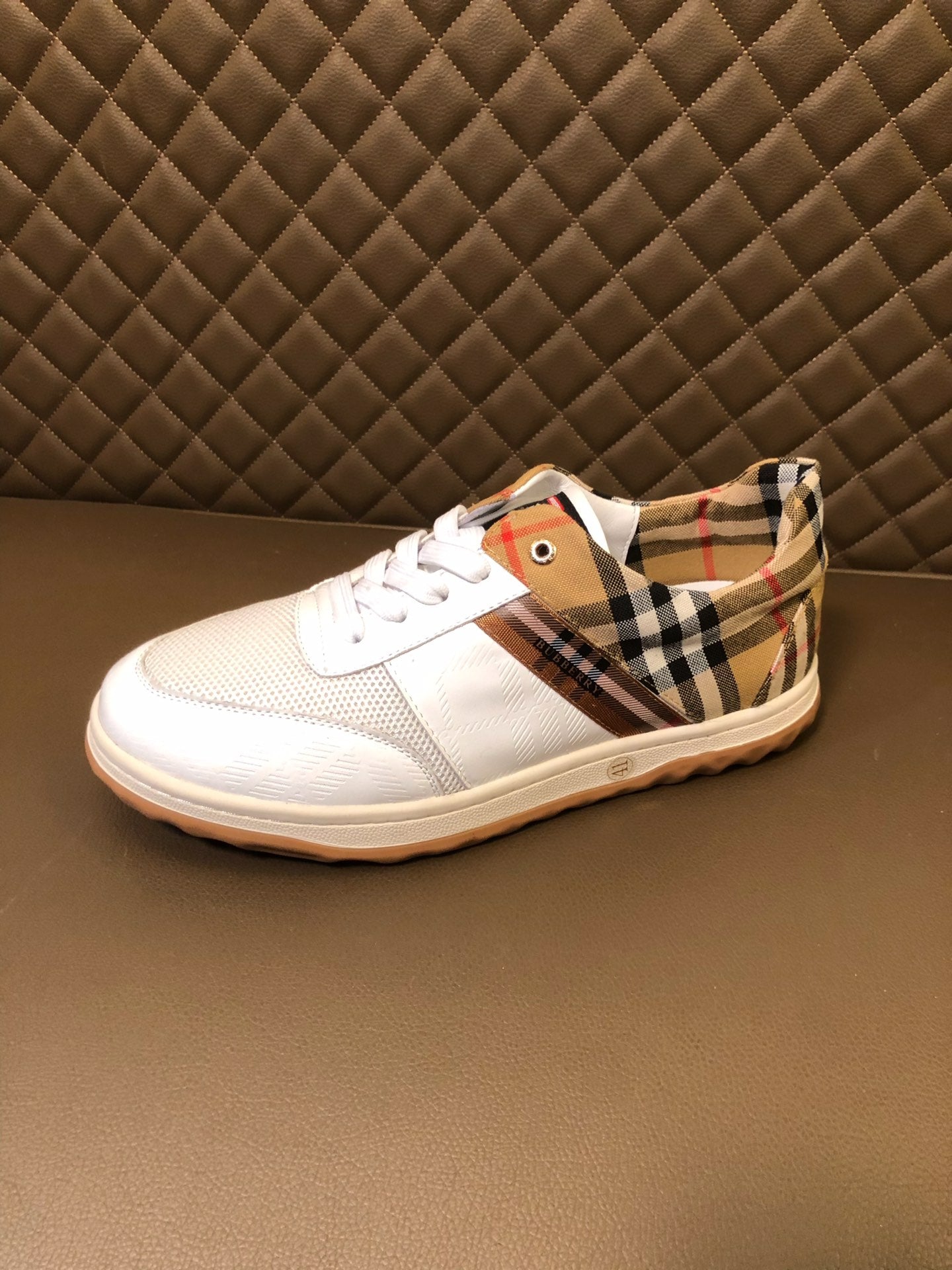 Burberry-002Shoes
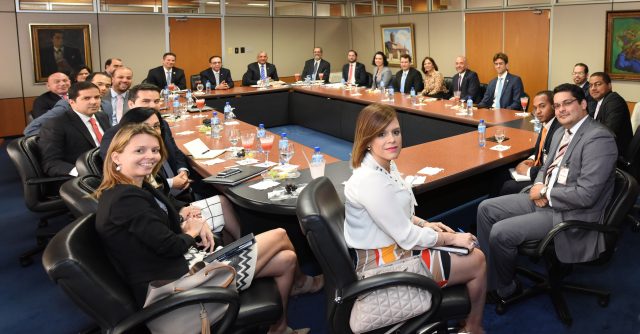 Valdez explica a tesoreros flexibilización monetaria busca dinamizar economía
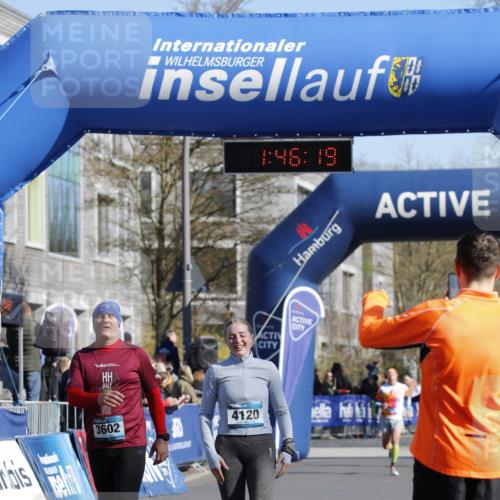06.04.2025 - 44. Internationalen Wilhelmsburger Insellauf A. Gomolzig http://msf.ph/oto/7555904 06.04.2025 10:36:18 Ziel 3602, 3944, 4120 meine-sportfotos.de
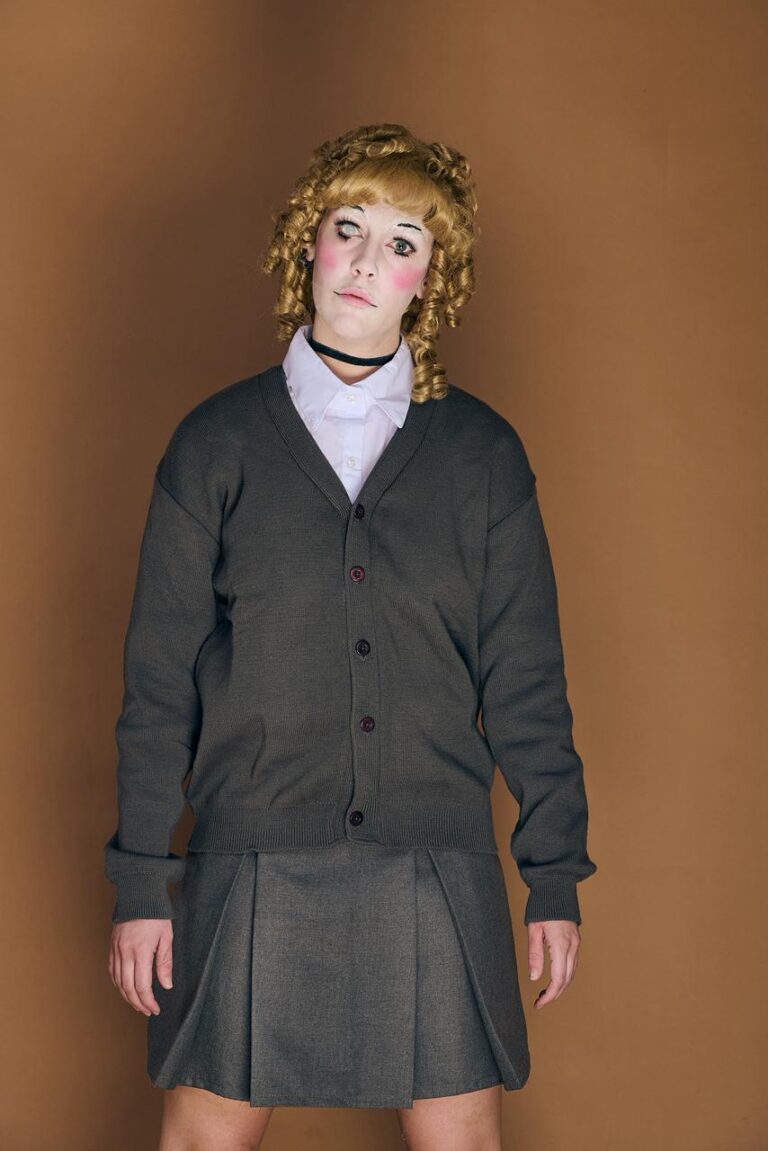 Luli Ingold como Jane Doe, una joven cuya identidad es un misterio.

***

Return the listing above in full and exactly, omitting all pictures.

 Burberry-002Shoes
 Valdez explica a tesoreros flexibilización monetaria busca dinamizar economía
06.04.2025 - 44. Internationalen Wilhelmsburger Insellauf A. Gomolzig http://msf.ph/oto/7555904 06.04.2025 10:36:18 Ziel 3602, 3944, 4120 meine-sportfotos.de
 Luli Ingold como Jane Doe, una joven cuya identidad es un misterio.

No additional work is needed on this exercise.